The problem: Without including the images, transcribe each record precisely as it appears below.

Supplied entries:
○ ○ ○ ○ ○ ○ ○
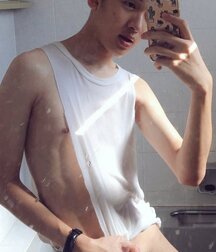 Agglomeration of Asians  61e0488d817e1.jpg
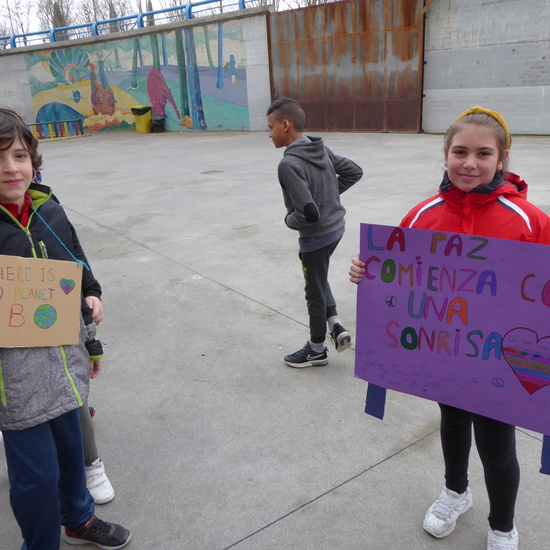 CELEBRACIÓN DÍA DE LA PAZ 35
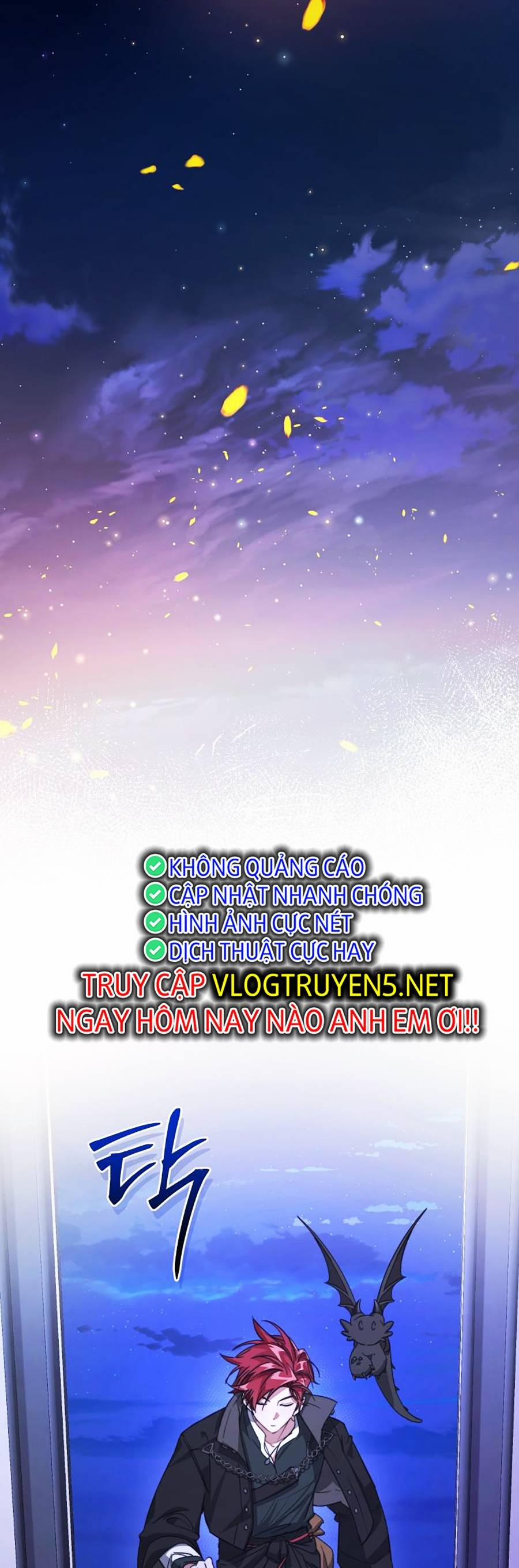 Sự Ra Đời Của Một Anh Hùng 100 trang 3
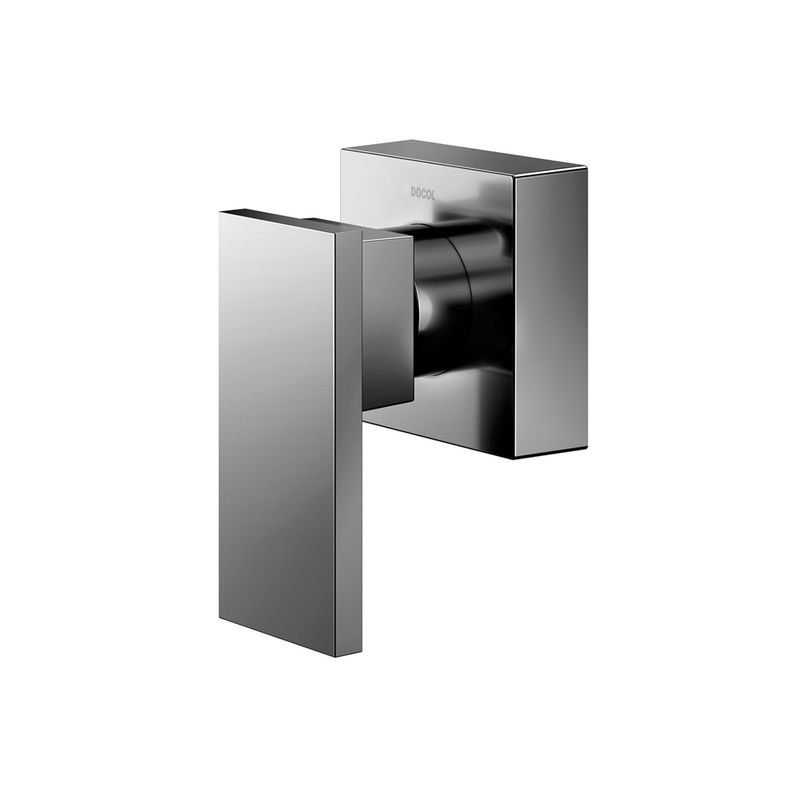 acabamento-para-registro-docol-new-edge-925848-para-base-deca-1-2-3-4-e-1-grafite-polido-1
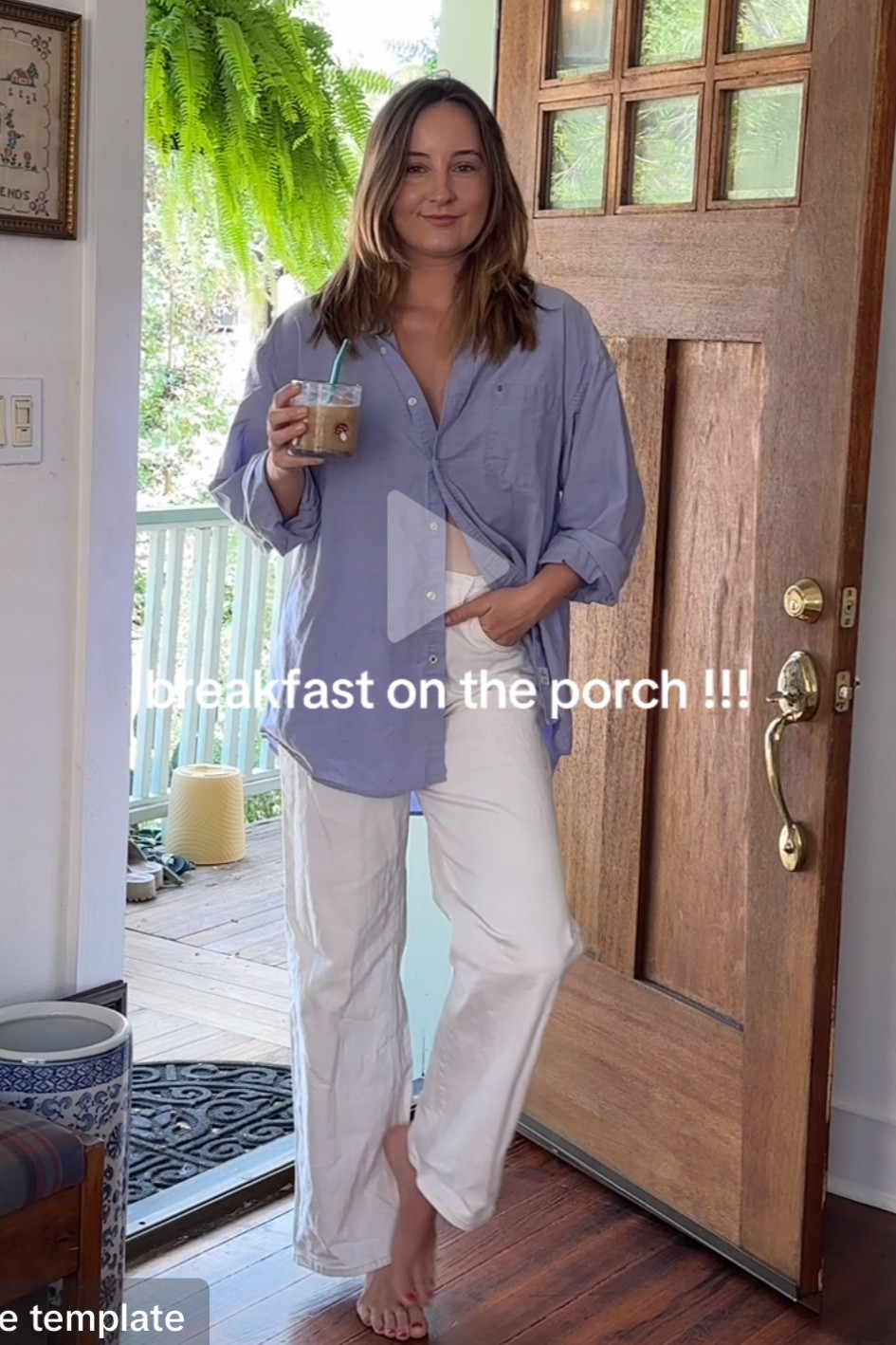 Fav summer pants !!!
○ ○ ○ ○ ○ ○ ○
Result of the exercise:
 Agglomeration of Asians  61e0488d817e1.jpg
 CELEBRACIÓN DÍA DE LA PAZ 35
 Sự Ra Đời Của Một Anh Hùng 100 trang 3
 acabamento-para-registro-docol-new-edge-925848-para-base-deca-1-2-3-4-e-1-grafite-polido-1
 Fav summer pants !!!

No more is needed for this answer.